As for Israel, the signs are there for a delaying action. Kellogg was asked about it and reiterated the usual lines about pressuring Iran to abandon its nuclear program, which they largely did long ago. Michael Waltz, the new national security adviser, seems to get his opinions on Iran from Fox News. One suspects that he was picked because he will do what the boss says. Despite talk of new sanctions, Trump remains opposed to a war with Iran, or an Israeli war with Iran.
Another signal that the Middle East may be down there with Ukraine on the priority list is the fact Trump has signaled his disdain for Netanyahu. He was not invited to the inaugural and Trump has tweeted some untoward things about him. He also posted a link to Jeffrey Sachs calling Netanyahu a “deep, dark son of a bitch”, which is not the sort of thing you say about your friends. Trump has also been clear about wanting out of Syria, especially now that it is in chaos.

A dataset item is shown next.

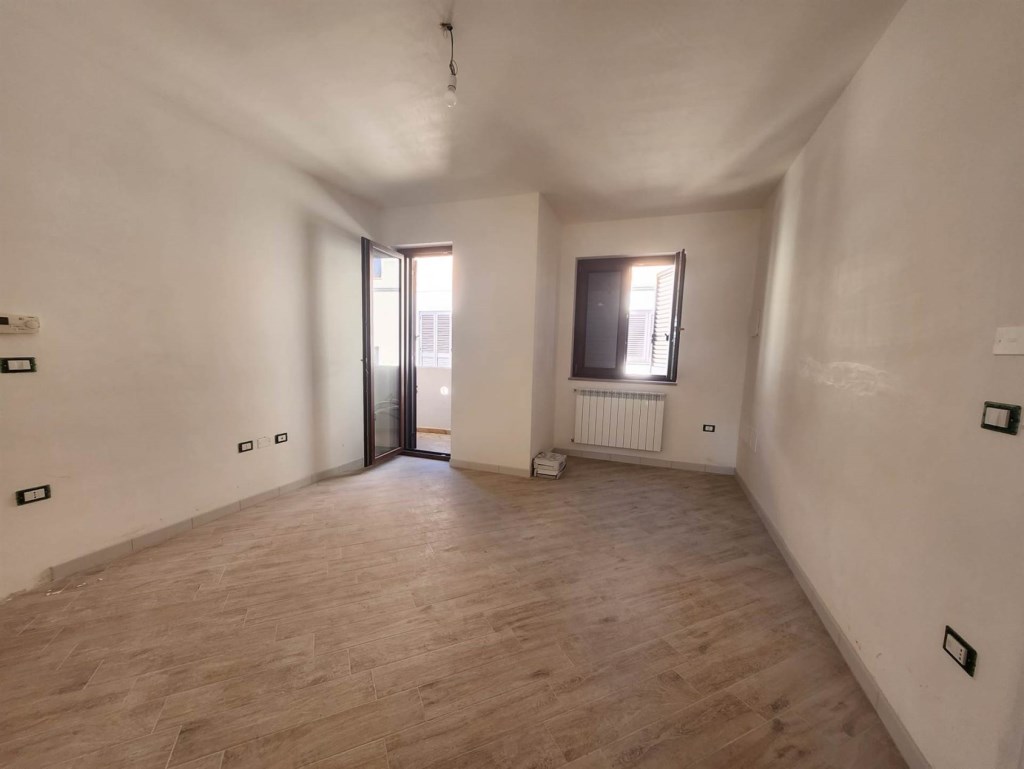 appartamento in vendita a Grottaglie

What may be shaping up for the first half of the Trump term is a policy of doing nothing with regards to the foreign policy hotspots. Trump and his advisors can answer questions and make the usual noises, but when it comes to investing time, the scarcest commodity Trump possesses, the administration will be stingy. These issues will get the absolute minimum amount of time and only so that they do not become a time waster for the domestic agenda.
It is looking like Trump learned that the most important card any president can play in politics is his attention. There is not much anyone can do if Trump simply de-prioritizes Ukraine, for example. “We are looking into it” works just as well against the schemers behind things like Ukraine as it does his own voters. Perhaps this time, instead of saying this regarding domestic issues, Trump will be saying it regarding foreign policy, to focus on the issues that matter to him.